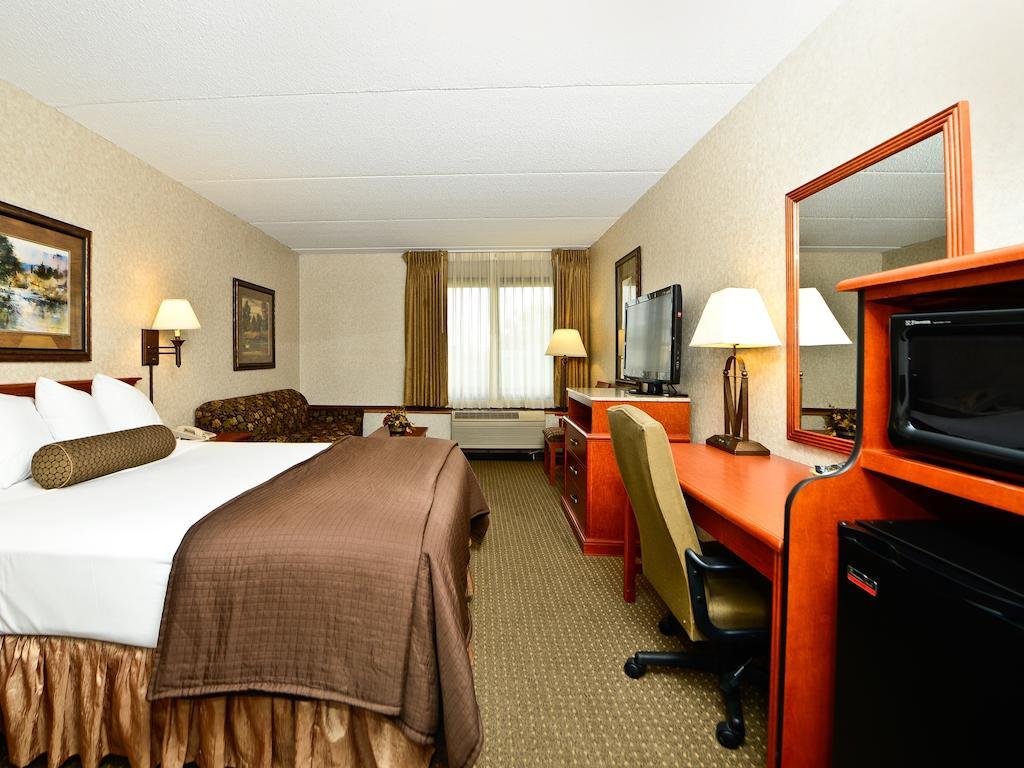 Ramada By Wyndham Plymouth Hotel & Conference Center Esterno foto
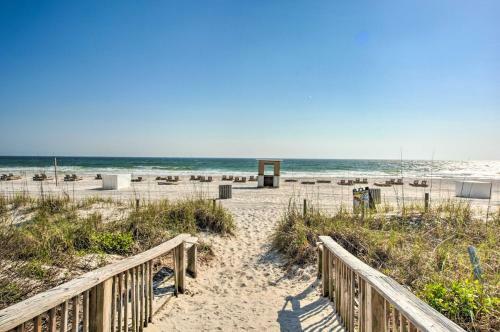 Apartamento Remodeled Pcb Studio Apt With Balcony And Pool Access!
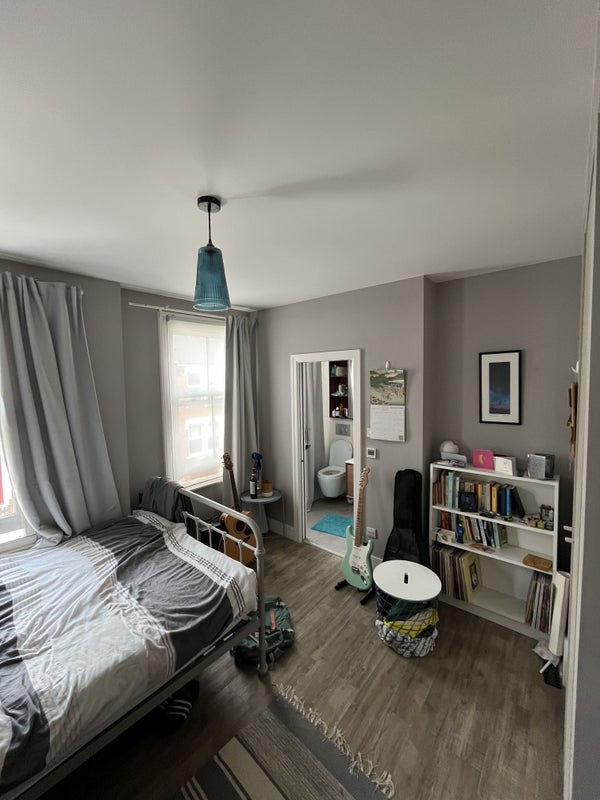 Room Ambergate Street in Greater London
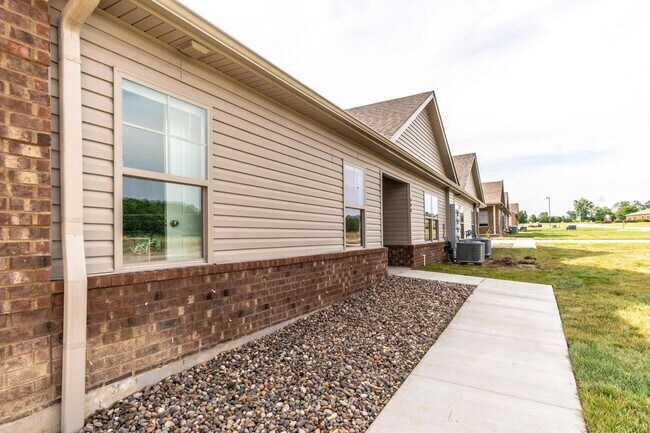 Photo - 144 Garden Gate Dr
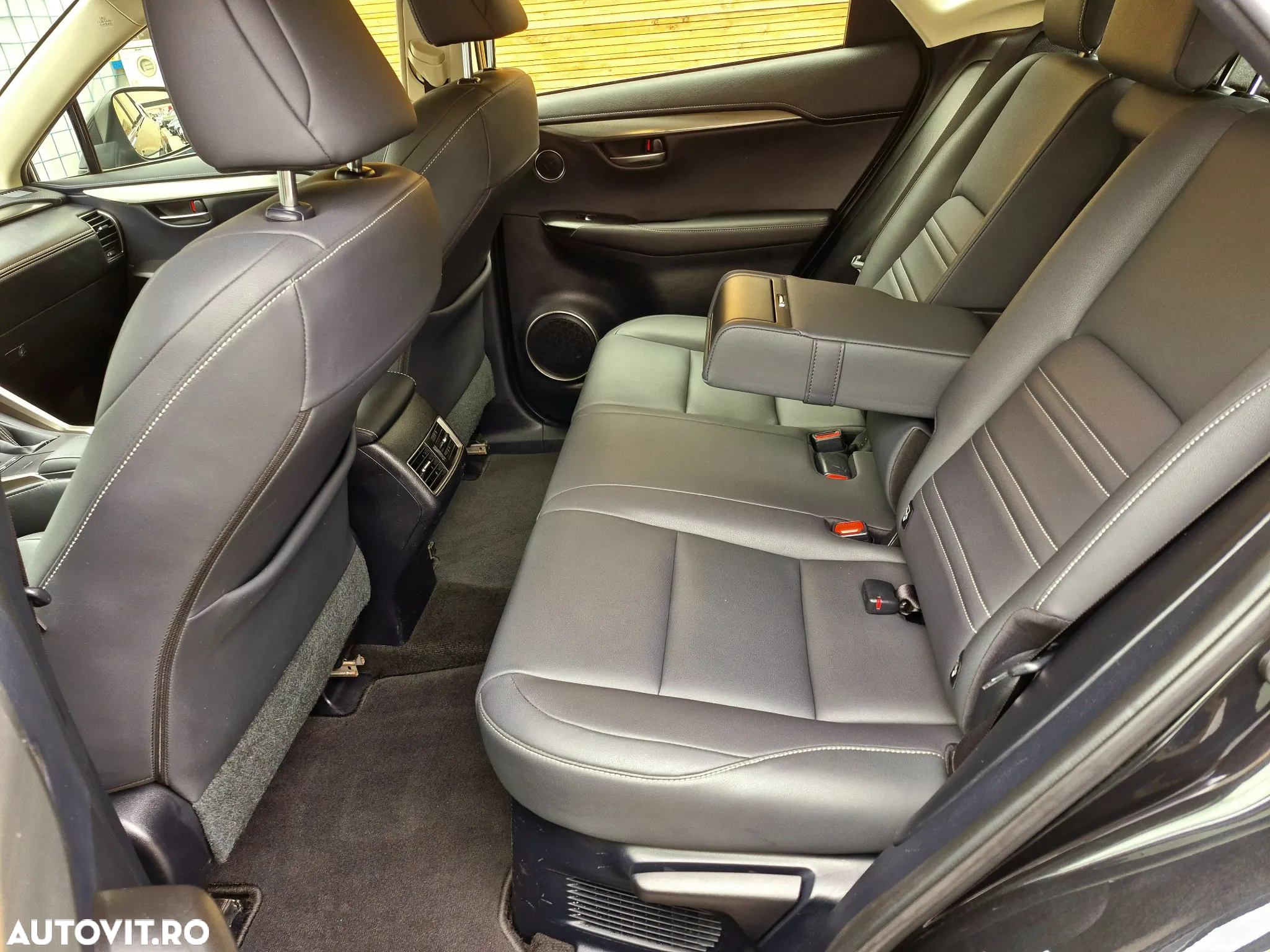 Lexus Seria NX - 11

### WHAT NEEDS TO BE DONE
Please copy the preceding records exactly and omit the images.

### ANSWER AREA
 Ramada By Wyndham Plymouth Hotel & Conference Center Esterno foto
 Apartamento Remodeled Pcb Studio Apt With Balcony And Pool Access!
 Room Ambergate Street in Greater London
 Photo - 144 Garden Gate Dr
 Lexus Seria NX - 11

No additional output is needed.